ABSTRACT
Graphene nanoribbons (GNRs) are atomically precise stripes of graphene with tunable electronic properties, making them promising for room-temperature switching applications like field-effect transistors (FETs). However, challenges persist in GNR processing and characterization, particularly regarding GNR alignment during device integration. In this study, we quantitatively assess the alignment and quality of 9-atom-wide armchair graphene nanoribbons (9-AGNRs) on different substrates using polarized Raman spectroscopy. Our approach incorporates an extended model that describes GNR alignment through a Gaussian distribution of angles. We not only extract the angular distribution of GNRs but also analyze polarization-independent intensity contributions to the Raman signal, providing insights into surface disorder on the growth substrate and after substrate transfer. Our findings reveal that low-coverage samples grown on Au(788) exhibit superior uniaxial alignment compared to high-coverage samples, attributed to preferential growth along step edges, as confirmed by scanning tunneling microscopy (STM). Upon substrate transfer, the alignment of low-coverage samples deteriorates, accompanied by increased surface disorder. For high-coverage samples, the alignment is preserved, and the disorder on the target substrate is reduced compared to the low-coverage samples. Our extended model enables a quantitative description of GNR alignment and quality, facilitating the development of GNR-based nanoelectronic devices.
1. Introduction
Graphene nanoribbons (GNRs) are quasi-one-dimensional stripes of graphene with an intriguing set of physicochemical properties deriving from quantum confinement and related bandgap tunability. The ability to tune the properties of GNRs at the atomic scale by changing their width and edge structure has opened up a promising avenue for their application in electronics, spintronics, and photonics. The required atomic precision in GNR synthesis could only be met by a bottom-up approach based on the covalent coupling of specifically designed precursor molecules followed by cyclodehydrogenation on metallic surfaces. Since the pioneering work of Cai et al. in 2010 , GNRs with various widths, edge topologies (armchair , zigzag, cove , etc.), as well as specific edge extensions giving rise to exotic topological quantum phases, have been reported.

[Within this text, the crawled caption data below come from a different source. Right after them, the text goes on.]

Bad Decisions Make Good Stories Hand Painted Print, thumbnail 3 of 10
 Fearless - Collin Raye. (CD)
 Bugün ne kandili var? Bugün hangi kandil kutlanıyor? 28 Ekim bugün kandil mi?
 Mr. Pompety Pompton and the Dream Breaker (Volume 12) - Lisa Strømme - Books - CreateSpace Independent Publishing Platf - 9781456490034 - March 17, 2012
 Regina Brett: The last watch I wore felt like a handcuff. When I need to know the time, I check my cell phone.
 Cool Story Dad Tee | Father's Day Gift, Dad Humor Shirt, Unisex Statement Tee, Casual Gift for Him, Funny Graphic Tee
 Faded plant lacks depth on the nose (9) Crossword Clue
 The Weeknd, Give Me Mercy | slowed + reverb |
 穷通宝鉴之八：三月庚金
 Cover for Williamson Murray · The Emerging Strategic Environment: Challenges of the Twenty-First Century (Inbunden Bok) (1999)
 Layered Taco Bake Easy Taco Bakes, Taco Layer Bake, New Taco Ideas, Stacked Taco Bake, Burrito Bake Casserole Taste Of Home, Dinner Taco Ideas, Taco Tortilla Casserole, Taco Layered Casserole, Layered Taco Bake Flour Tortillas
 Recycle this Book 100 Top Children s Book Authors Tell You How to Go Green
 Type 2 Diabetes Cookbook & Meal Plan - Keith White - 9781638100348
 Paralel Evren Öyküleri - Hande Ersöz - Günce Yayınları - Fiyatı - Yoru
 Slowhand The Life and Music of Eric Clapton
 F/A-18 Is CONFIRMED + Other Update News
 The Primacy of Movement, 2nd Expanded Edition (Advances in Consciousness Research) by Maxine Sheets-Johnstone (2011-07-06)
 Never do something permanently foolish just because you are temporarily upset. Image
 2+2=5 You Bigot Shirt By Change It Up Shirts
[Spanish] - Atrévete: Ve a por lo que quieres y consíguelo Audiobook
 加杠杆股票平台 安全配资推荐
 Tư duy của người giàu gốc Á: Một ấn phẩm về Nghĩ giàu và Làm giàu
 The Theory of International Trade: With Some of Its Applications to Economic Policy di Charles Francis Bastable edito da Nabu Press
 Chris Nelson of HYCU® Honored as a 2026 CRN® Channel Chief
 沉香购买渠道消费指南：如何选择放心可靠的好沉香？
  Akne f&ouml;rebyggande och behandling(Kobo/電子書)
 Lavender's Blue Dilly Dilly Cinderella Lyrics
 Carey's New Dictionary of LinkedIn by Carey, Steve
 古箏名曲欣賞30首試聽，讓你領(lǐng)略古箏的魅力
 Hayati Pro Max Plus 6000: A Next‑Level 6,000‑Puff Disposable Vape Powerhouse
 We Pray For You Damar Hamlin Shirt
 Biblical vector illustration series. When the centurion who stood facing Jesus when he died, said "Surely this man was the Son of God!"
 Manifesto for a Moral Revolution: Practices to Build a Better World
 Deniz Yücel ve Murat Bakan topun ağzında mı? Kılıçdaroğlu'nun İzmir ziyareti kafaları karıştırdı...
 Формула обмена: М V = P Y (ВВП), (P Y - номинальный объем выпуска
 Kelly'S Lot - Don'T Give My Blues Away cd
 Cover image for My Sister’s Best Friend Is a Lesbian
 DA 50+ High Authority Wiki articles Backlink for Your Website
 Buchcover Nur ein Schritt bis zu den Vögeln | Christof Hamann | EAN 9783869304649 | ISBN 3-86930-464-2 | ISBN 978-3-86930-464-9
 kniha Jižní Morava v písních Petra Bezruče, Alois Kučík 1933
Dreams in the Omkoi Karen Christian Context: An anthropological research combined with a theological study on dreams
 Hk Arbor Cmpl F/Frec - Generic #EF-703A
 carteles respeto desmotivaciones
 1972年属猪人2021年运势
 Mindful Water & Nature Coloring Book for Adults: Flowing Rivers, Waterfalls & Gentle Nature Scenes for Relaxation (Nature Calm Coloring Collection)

To explore the exciting properties of GNRs in functional devices, a substrate transfer step is necessary to transfer the GNRs from their metallic growth substrate (usually Au(111)) to semiconducting or insulating substrates suitable for digital logic applications, such as SiO2/ Si . Most of the substrate transfer strategies developed so far involve aqueous solutions or the presence of polymers as a support layer, which can lead to residues or defects in the GNRs . To successfully integrate GNRs into devices, GNR properties must be preserved and monitored, also upon substrate transfer, which remains one of the main bottlenecks in the development of GNR-based electronics.
2. Methods
2.1. On-surface synthesis and STM characterization of 9-AGNRs
The Au(788) single crystal growth substrate (MaTecK GmbH, Germany) was cleaned in ultra-high vacuum (UHV) with two cycles of sputtering at1 kV Ar+ for 10 min and annealing at 420 ◦C for 10 min. The 9-AGNR precursor monomer 3′,6′-di-iodine-1,1′:2′,1″-terphenyl (DITP) was then sublimated onto the clean Au surface from a quartz crucible heated to 70 ◦C while the substrate remained at room temperature. A quartz microbalance was used to control the deposition rate of the precursor molecules at 1 Å/min. The deposition rate is not calibrated to correspond to the true surface coverage, but only give a relative measurement that is then calibrated by STM. High- and low-coverage samples were obtained by DITP deposition for 8 and 3 min, respectively. Following deposition, the substrate was heated to 200 ◦C (0.5 K/s) for 10 min to initiate DITP polymerization, followed by annealing at 400 ◦C (0.5 K/s) for 10 min to form the GNRs by cyclodehydrogenation.
2.2. Raman spectroscopy
Raman spectroscopy measurements were obtained using a WITec confocal Raman microscope (WITec Alpha 300R) with a laser line of 785 nm (1.5 eV) and a power of 40 mW. A 50 × microscope objective (0.55 numerical aperture) with a working distance of 9.1 mm was used to focus the laser beam onto the sample and collect the scattered light. Calibration of Raman spectra was performed using the Si peak at 520.5 cm−1 . Also, the laser wavelength, power, and integration time were optimized for each substrate to maximize signal while minimizing sample damage. Furthermore, to avoid sample damage, a Raman mapping approach with 10 × 10 pixels (10 × 10 μm) was used and samples were measured in a home-built vacuum suitcase with pressure ~10− 2 mbar. The vacuum chamber was mounted on a piezo stage for scanning.
3. Results and discussion
To synthesize aligned 9-AGNRs the precursor monomer 3′,6′-diiodine-1,1′:2′,1″-terphenyl (DITP) is deposited on a vicinal catalytic surface (Au(788)) followed by two annealing steps to activate the polymerization and cyclodehydrogenation reactions. Samples are prepared with two different coverages (~0.4 of a monolayer and ~1 full monolayer, ML, herein referred to as low- and high-coverage samples, respectively) as shown in Fig. 1. The vicinal surface enables the growth of GNRs along the low-coordination sites of the Au(788) step edges, which act as favorable nucleation sites. This allows GNRs to grow gradually with deposition time, and after 8 min with a fixed deposition rate of 1 Å/min, a full monolayer of aligned 9-AGNRs (high-coverage sample) is formed. A representative STM image of a high-coverage sample with 9-AGNRs of an average length of 34 nm is shown in Fig. 1a, the corresponding GNR length histogram is given in Fig. S1a. For the low-coverage 9-AGNR samples, a deposition time of 3 min is used (with a fixed deposition rate of 1 Å/min), which provides just enough precursor molecules for individual 9-AGNRs to grow along all Au(788) step edges, resulting in an average GNR length of 37 nm (Fig. 1c, see Fig. S1b for the length histogram).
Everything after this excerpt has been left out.